**Data shown:**
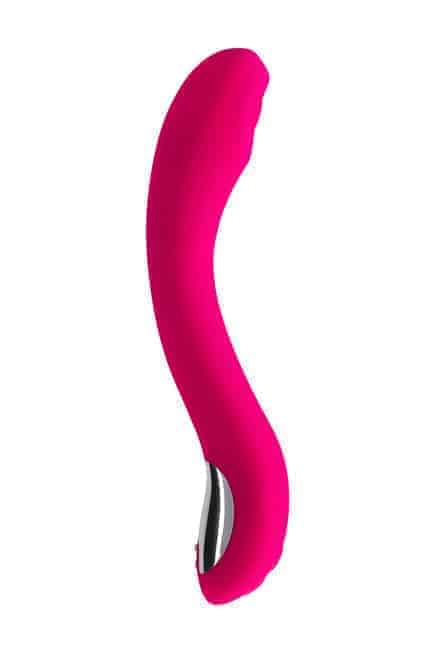 Lovense Osci 2 Kích Thích G-Spot Dao Động Mạnh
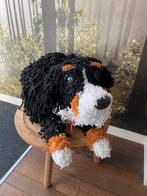 Surprise Sinterklaas Hond, Ophalen, Gebruikt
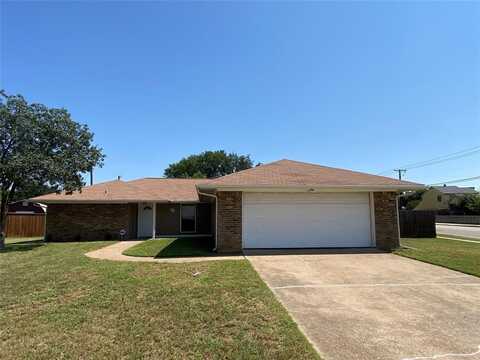 600 Cactus Court, Irving, TX 75060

**Goal of the exercise:**
If a picture falls within the lines from the one containing "Surprise Sinterklaas Hond, Ophalen, Gebruikt" through the end of the material, leave it out while repeating those lines exactly.

**Expected answer:**
 Surprise Sinterklaas Hond, Ophalen, Gebruikt
 600 Cactus Court, Irving, TX 75060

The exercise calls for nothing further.